- Born: Lou Adelaide Bigelow November 24, 1884 St. Joseph, Missouri, U.S.
- Died: July 31, 1968 (aged 83) San Diego, California, U.S.
- Known for: Photography

= Lou Goodale Bigelow =

American photographer

Lou Goodale Bigelow (November 24, 1884 – July 31, 1968) was an early 20th century American photographer.

Born to photographer Lyman Goodale Bigelow and his photographic assistant and wife Ada in St. Joseph, Missouri, Lou Adelaide Goodale Bigelow grew up in Ronan, Montana. She learned the art of photography from her father, Lyman Goodale Bigelow, and worked in Kalispell, Montana as an assistant to Roland W. Reed, a photographer of Native Americans who produced striking images of members of the Blackfoot nation.

She accompanied Reed to California in early 1915, where he set up a studio in Coronado and showed photographs in the 1915 Panama–Pacific International Exposition; Bigelow purchased the studio from Reed in November of that year when he returned to Kalispell.
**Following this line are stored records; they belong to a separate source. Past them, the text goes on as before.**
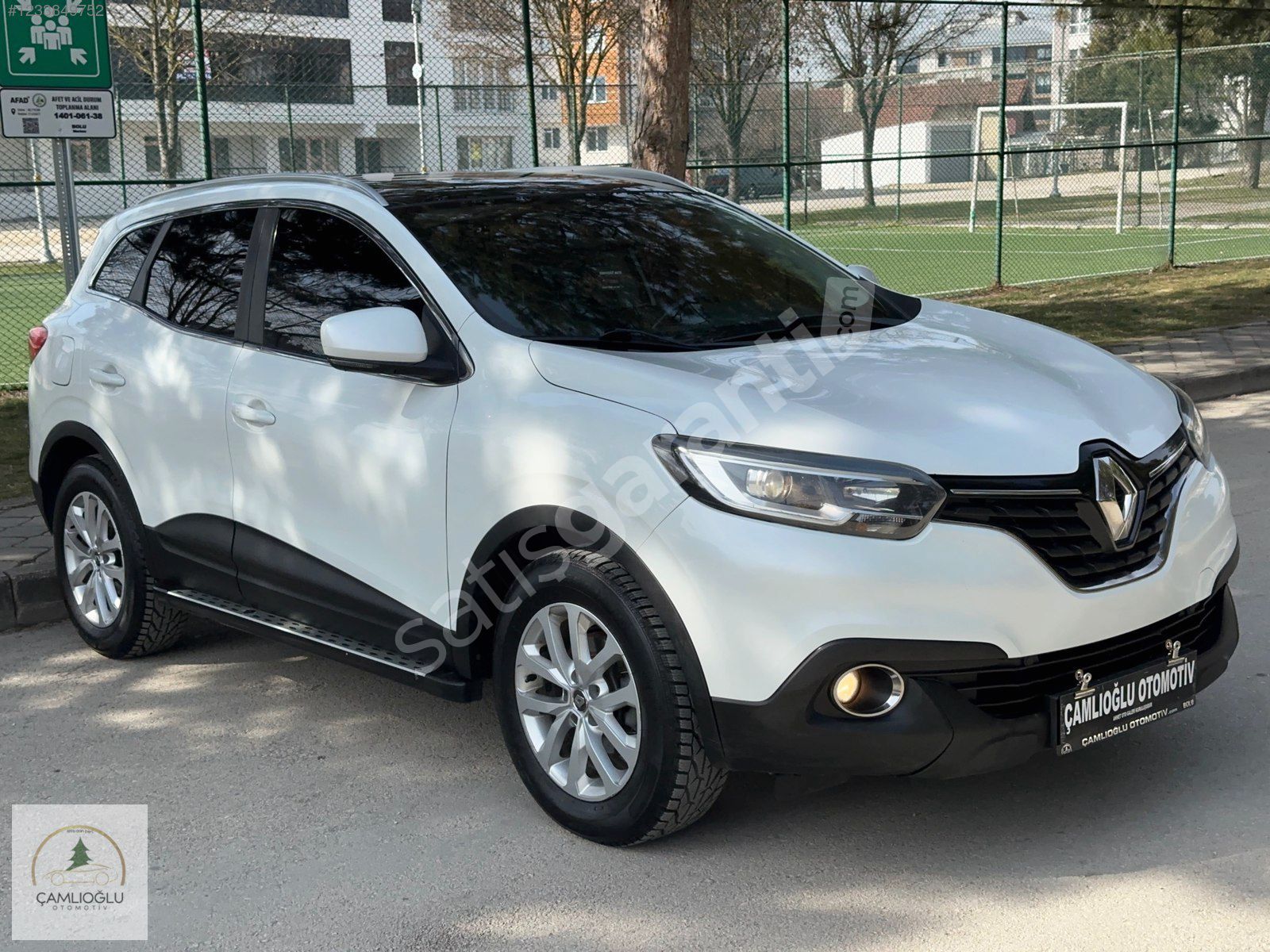 2018 KADJAR 1.5-HATASIZ-DÜŞÜK KM-HAYALET-CAM TAVAN-18 AY TAKSİT-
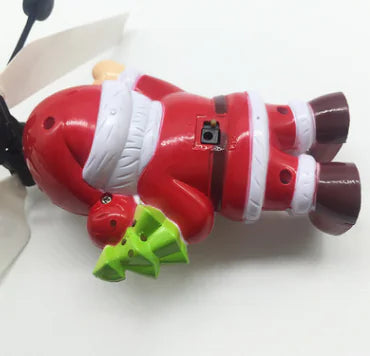 Santa Flyer RC Drone – Limited Edition Festive Fun by FlashFinds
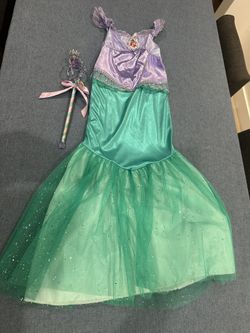 Ariel Costume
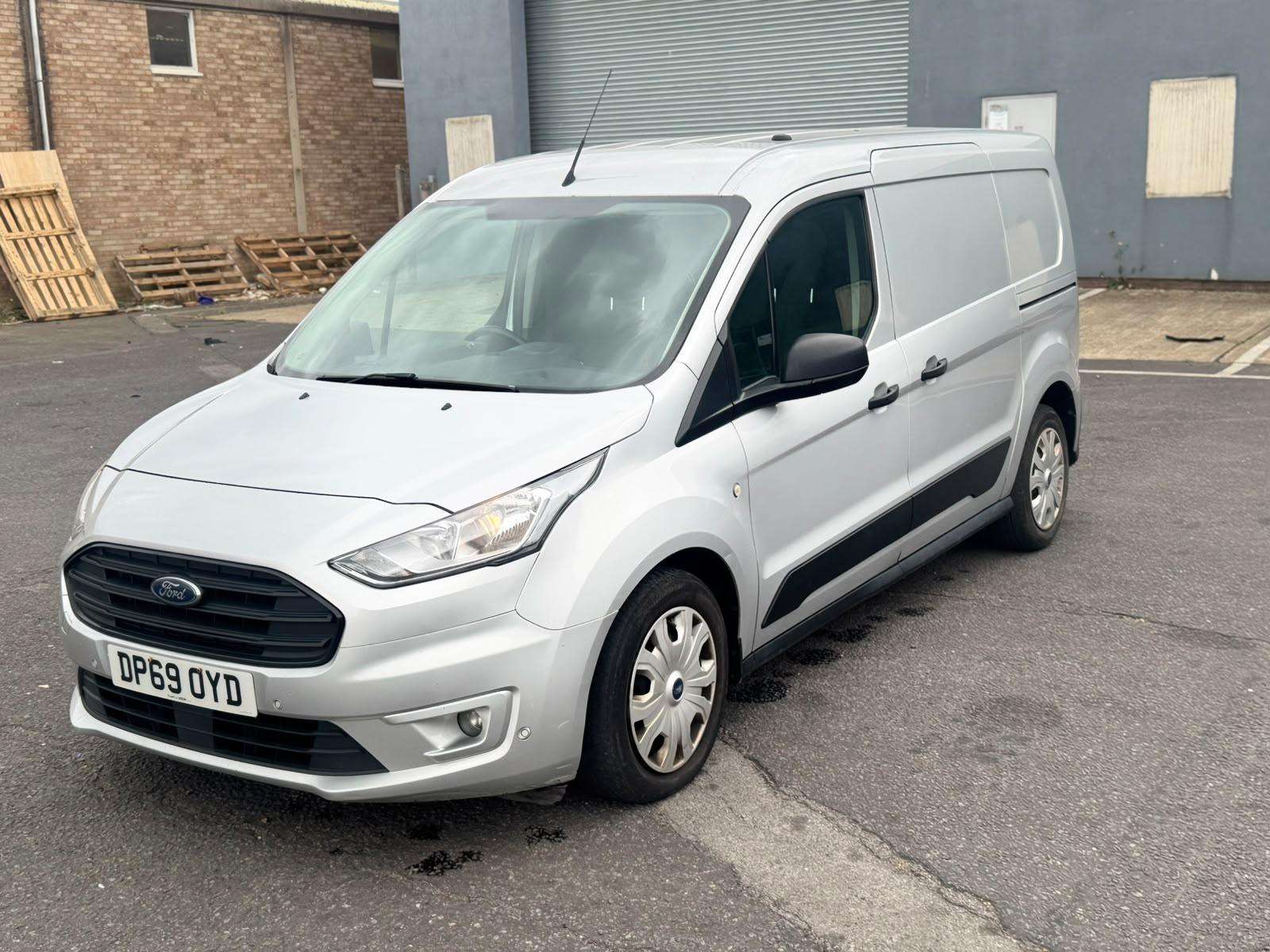 2019 FORD TRANSIT CONNECT 2019 FORD TRANSIT CONNECT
She later set up her own studio in San Diego, California. Over a career of more than 30 years, she specialized in commercial portraits of guests staying at the Hotel del Coronado. Her portraits were frequently published in the San Diego Union newspaper; among her clients was Wallis Simpson, later the Duchess of Windsor. Notable subjects included stage celebrities. In later life, Bigelow painted portraits and landscapes.

Bigelow was the subject of a 2000 exhibition "Lou Goodale Bigelow: An early Twentieth-Century Female Photographer and Artist" at the Coronado Museum of History and Art.